Frederick, who now lives in Strafford, Vermont, filed a wrongful discharge lawsuit against the department in 2014 in federal court. Her case was dismissed in 2017 after a judge ruled that the department was immune from the lawsuit.
Frederick refiled her lawsuit in New Hampshire Superior Court in 2018, and the department challenged it again. A judge initially ruled that the case should go forward. The state moved for reconsideration. In February, the judge dismissed the lawsuit, saying it was barred by a three-year statute of limitations.
“The trial court got it right the first time,” Frederick’s attorney, Benjamin King, said before the state supreme court justices.
Anthony Galdieri, of the attorney general’s office, also argued on behalf of the Health Department on Tuesday that as a state employee protected by a collective bargaining agreement, Frederick would not have the ability to bring such a claim.
She was limited in her remedies, including the ability of her union to file grievances, as well as to bring a charge of unfair labor practices before the state Public Employee Relations Board, Galdieri wrote in court paperwork.
Frederick has worked on legislation in New Hampshire strengthening breastfeeding rights.

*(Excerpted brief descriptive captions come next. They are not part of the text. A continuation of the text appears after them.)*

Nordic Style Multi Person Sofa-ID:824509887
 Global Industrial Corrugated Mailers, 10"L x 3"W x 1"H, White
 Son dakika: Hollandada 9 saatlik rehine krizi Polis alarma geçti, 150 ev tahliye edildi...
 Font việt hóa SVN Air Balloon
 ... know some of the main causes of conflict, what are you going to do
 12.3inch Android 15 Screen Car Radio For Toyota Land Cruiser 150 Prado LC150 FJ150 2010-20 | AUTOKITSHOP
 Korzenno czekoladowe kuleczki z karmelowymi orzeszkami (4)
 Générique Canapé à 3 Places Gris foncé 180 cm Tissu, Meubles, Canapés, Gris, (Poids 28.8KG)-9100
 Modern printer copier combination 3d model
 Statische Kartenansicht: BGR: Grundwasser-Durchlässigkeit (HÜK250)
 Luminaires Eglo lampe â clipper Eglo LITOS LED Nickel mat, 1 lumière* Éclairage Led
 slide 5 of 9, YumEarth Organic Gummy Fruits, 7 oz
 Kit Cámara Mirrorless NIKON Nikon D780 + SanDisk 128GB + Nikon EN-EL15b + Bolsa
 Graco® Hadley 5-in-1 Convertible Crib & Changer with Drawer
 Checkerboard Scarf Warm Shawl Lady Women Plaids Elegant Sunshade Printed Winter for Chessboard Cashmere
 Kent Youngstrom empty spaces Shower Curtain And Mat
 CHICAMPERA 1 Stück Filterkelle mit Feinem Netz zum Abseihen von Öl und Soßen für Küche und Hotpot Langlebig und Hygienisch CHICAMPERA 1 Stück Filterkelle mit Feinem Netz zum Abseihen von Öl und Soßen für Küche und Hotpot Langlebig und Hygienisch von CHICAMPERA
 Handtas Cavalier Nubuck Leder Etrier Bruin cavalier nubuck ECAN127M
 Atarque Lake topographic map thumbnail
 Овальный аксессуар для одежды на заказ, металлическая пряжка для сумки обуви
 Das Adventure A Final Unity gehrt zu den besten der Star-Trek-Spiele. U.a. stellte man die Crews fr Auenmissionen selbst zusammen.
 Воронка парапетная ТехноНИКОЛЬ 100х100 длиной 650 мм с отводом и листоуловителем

She is a student at the Vermont Law School, where she is working on a master’s degree in restorative justice and hopes to attend law school afterward.
Frederick said she had spoken and corresponded with several people in her case, including Anita Hill, the law professor who in 1991 accused then- U.S. Supreme Court nominee Clarence Thomas, her former supervisor, of sexual harassment.
“She was extremely encouraging and compassionate,” Frederick said.
Frederick said she was encouraged to see Gov. Chris Sununu’s recent executive order allowing state employees to take their infant children to work. The policy says cooperating agencies must allow lactating mothers flexible schedules to breastfeed and/or express milk.
“They told me at the time, ‘Nope,’” Frederick said.